Pues no, no voy a escribir sobre
las elecciones. Tampoco sobre política. Es que uno está ya un poco saturado, ¿y
para qué seguir sumando más y más opiniones sobre lo que va a pasar, lo que
debiera pasar o lo que deseamos que pase? No, hoy voy a hablar de viajes y de
cocinas. Porque verán, ¡qué harto me tiene a mí esto del viajar y del cocinar!
Yo bien que lo siento. Sé que mi
atractivo (si es que lo tuve alguna vez) se va a ir al garete porque ¡no me
gusta cocinar! Una pena. Pero es que cocinar me parece un gran coñazo, me
estresa y me aburre. Yo soy más de comer lo que cocinan otros. Eso sí,
recogiendo y fregando cacharros soy un crack. Imbatible. Ahora, cocinar… me da
una gran pereza esto de cacharrear y enredar en la cocina. No tengo un plato
especial que borde (no, no hago paellas míticas los domingos). No me atrae nada
de nada el fogón. Yo cocino por pura necesidad. Porque no queda otra. O cocino
o muero de una sobredosis de colesterol. Lo del cocinar no va conmigo y además
lo encuentro sobrevalorado. Disfruto viendo algunos programas de Canal Cocina.
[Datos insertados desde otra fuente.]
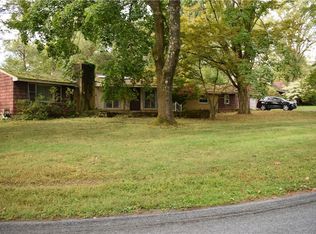 11 Tree Top Ln, Poughkeepsie, NY 12603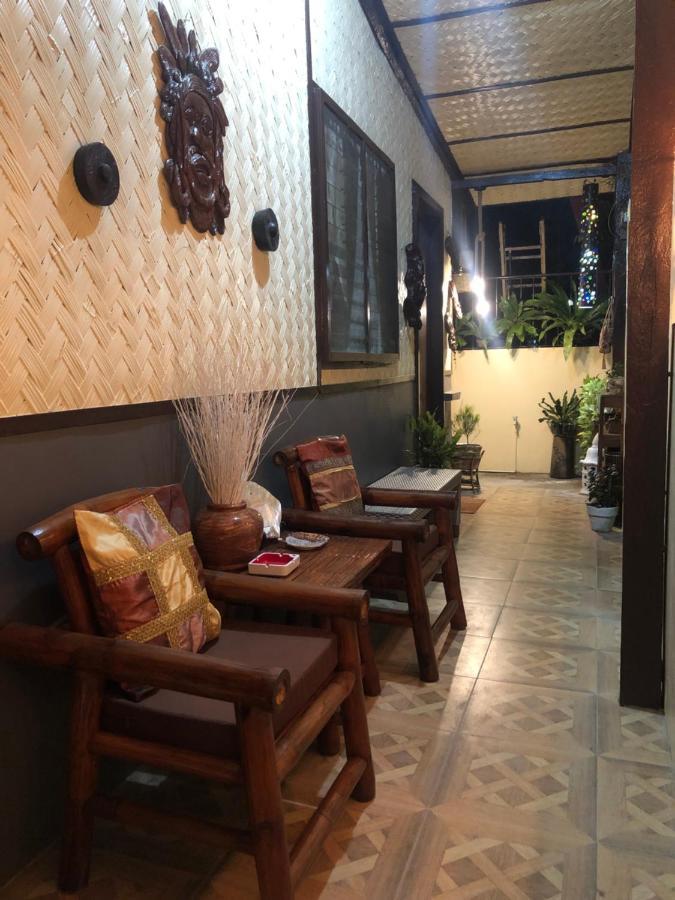 Hiraya Homestay Корон Екстериор снимка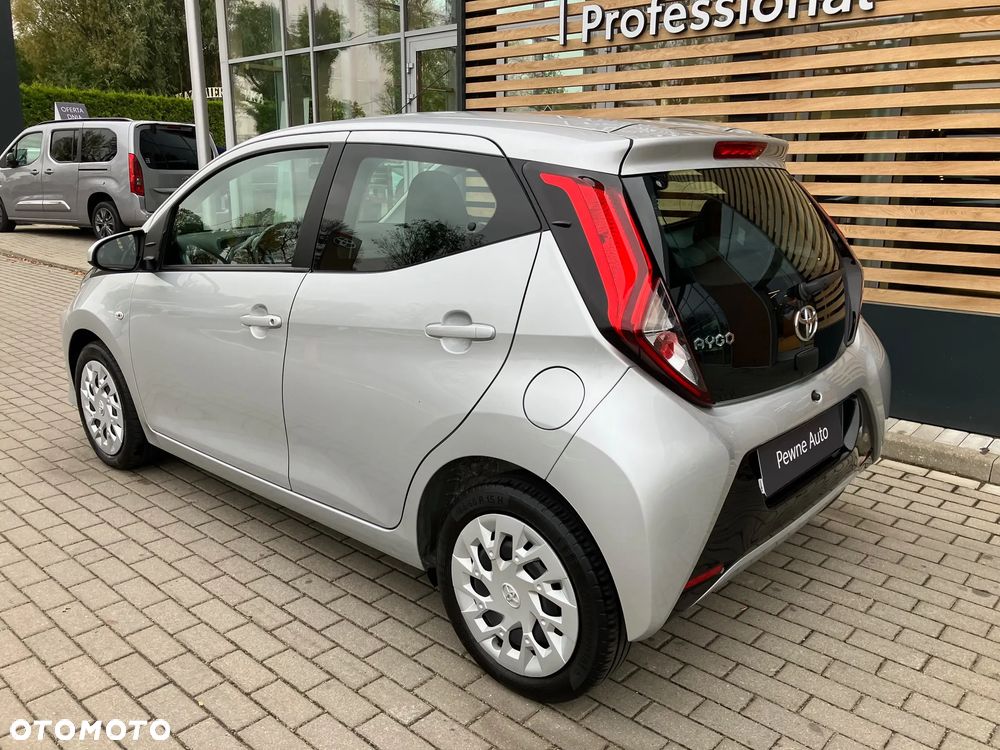 Toyota Aygo x-play - 4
En su momento me resultó entretenido Máster Chef (menos el de niños, que
siempre me pareció algo digno de fiscalía de menores por explotación y maltrato
infantil). Pero ahora estoy de la cocina y de los cocinillas hasta la cabeza.
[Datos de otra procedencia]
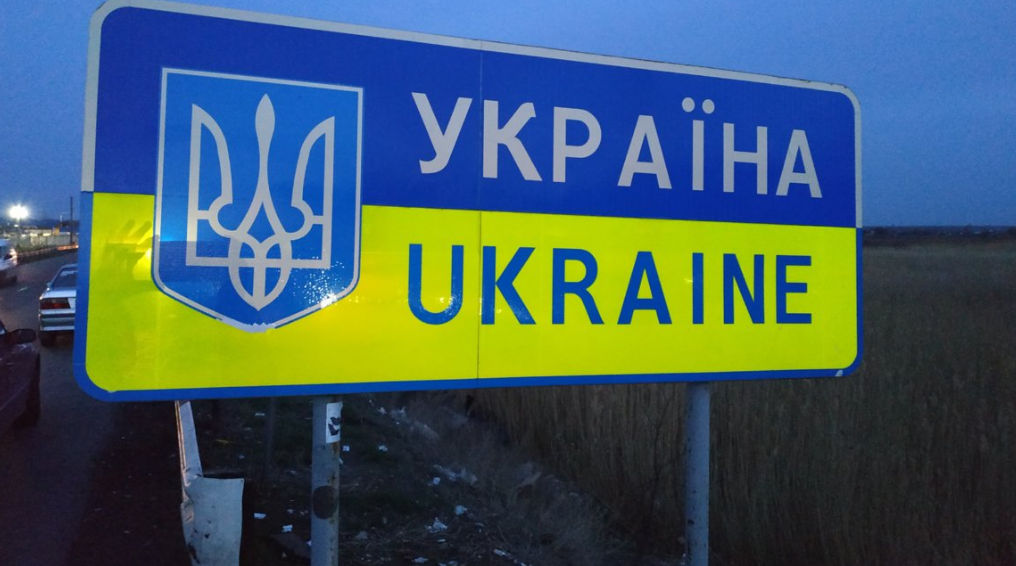 Полицейским удалось вернуть домой 13-летнюю беглянку из Украины.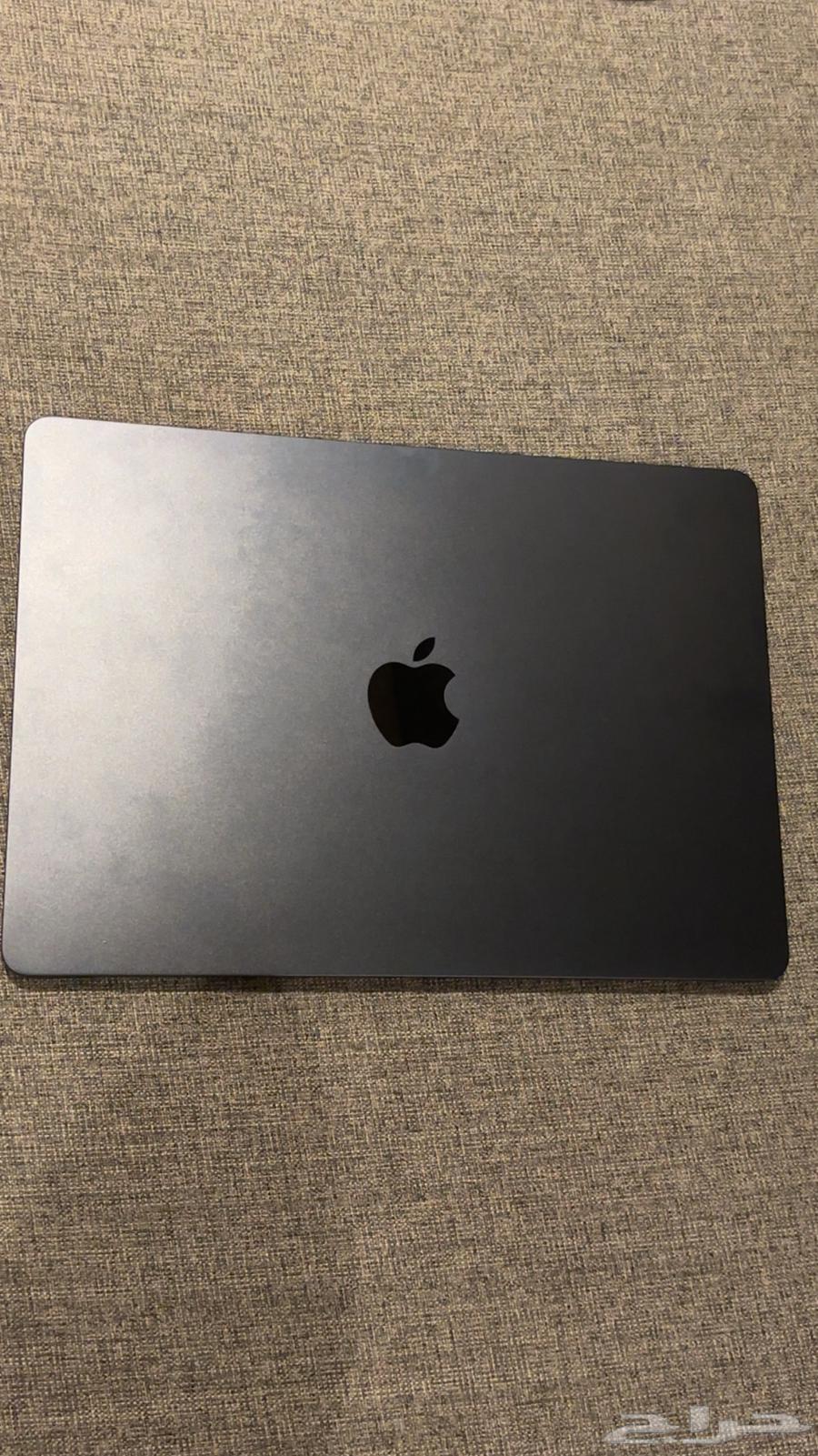 ماك بوك اير64483437881345110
Resulta que para ser sexy hay que saber cocinar. Pues yo lo tengo chungo, pero
que muy chungo. Miren, a casi ningún hombre en el fondo le gusta cocinar (como,
por otra parte, tampoco a la inmensa mayoría de las mujeres). Lo que pasa es
que lo disimulamos porque está de moda y no eres nadie ni tienes conversación
si no sabes hacer unas alcachofas glacé, o una mousse de centolla parda, o
sushi. Hemos pasado de la vinomanía, donde todo el mundo era sumiller, a que
ahora, o eres adicto a Arzak y tienes la temporada completa de Jamie Oliver en
Italia, o eres superfluo. Es un rollo. No obstante, en este mundo líquido, el
mandil ha trascendido las cocinas e importa más lo que opine de economía,
cultura o política cualquiera de los Roca, que un premio Nobel. Cocinero a tus
cocinas. Creo sinceramente que se equivocan apostando tan fuerte por esta sobredosis
de cocinillas porque todo este circo terminará por banalizar la buena mesa.
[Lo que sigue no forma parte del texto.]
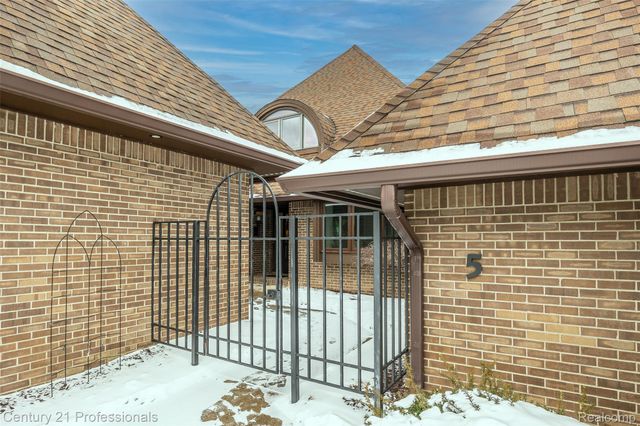 9095 S Saginaw Road 5, Grand Blanc Charter Township, MI 48439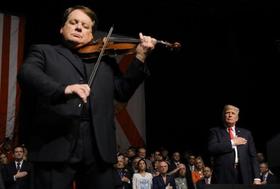 Violinista cubano durante el mitin de Trump en Miami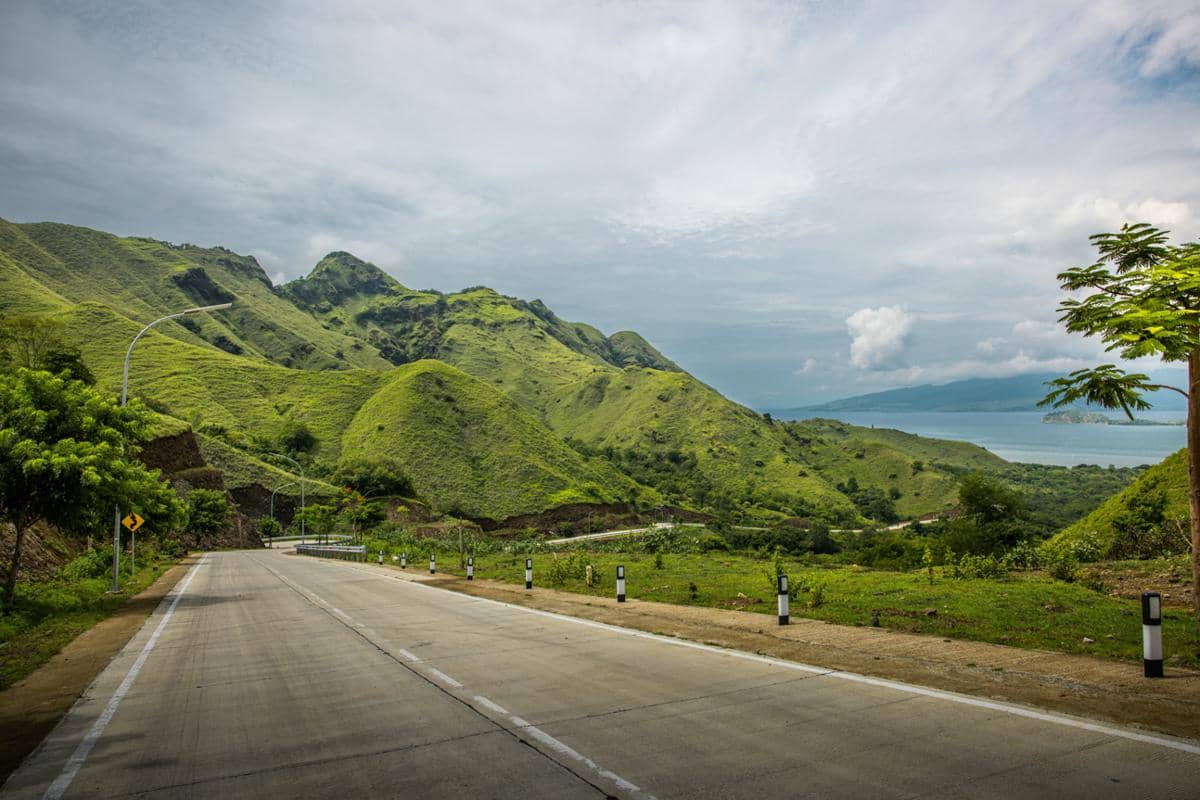 ilustrasi jalan darat di NTT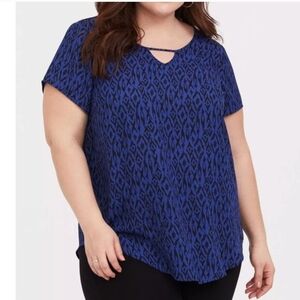 Torrid Georgette Blue and Black Keyhole Short Sleeve Top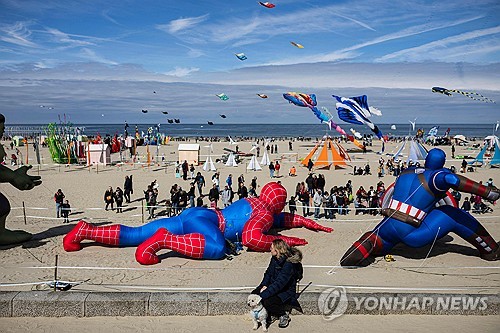 '바람을 가로질러'…프랑스 파드칼레 오팔 해변 '국제 연 축제'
Viajar esta sobrevalorado. Se ha
convertido en un gran coñazo. Antes lo del viaje tenía glamour. Te cultivaba.
Ahora te estresa y cabrea. Los aeropuertos tenían un no sé qué. Lo de viajar en
avión, incluso en turista (a mí siempre me gustó más el eufemismo de “economy
class”, era como que lo hacías por ahorrar y no porque no tuvieras un por qué),
le daba a uno una pátina de mundanidad y sofisticación. Ahora es un calvario.
Horarios imposibles. Aviones infernales. Aeropuertos atestados. Uno ya no cabe
en el asiento, y eso que se es de talla apañada. La gente no sabe comportarse
en los viajes. Vociferan, comen a dos carrillos, te hacen soportar a sus niños
consentidos, escuchas sus series favoritas, te empujan… Y para otro día
dejaremos la feroz lucha por el espacio para llevar la maleta de cabina. Eso es
terrible. Antes los escenarios del viaje eran un entorno de civilidad, de
cortesía, de una cierta elegancia. Hoy sacan lo peor de nosotros. La obsesión
por colas absurdas cuando a nadie le van a quitar el sitio, la mala educación y
la grosería. La cosa termina por rematarse cuando llegas a tu destino. Todo
está infestado de turistas y viajeros de saldo. ¡Y qué me dicen de la moda de
viajar en ropa deportiva y, en particular, con malla de correr! Hubo un tiempo
en el que todos íbamos disfrazados de Quechua. Parecía que íbamos o veníamos de
explorar la Amazonia, cuando resulta que habías estado en Roma o Nueva York.
Pero ahora la cosa ha ido a peor: la mallas, esas terribles mallas lo invaden
todo. ¿Es que nadie se mira al espejo? A duras penas puedo entender que se usen
para un viaje transoceánico. Pero no puedo con el “mallismo” sin fronteras.
Puedes estar en el Vaticano, que la gente, sin pudor ninguno, va enfundada en
mallas. ¡Hombre, Miguel Angel y la Capilla Sextina… se merecen un respeto!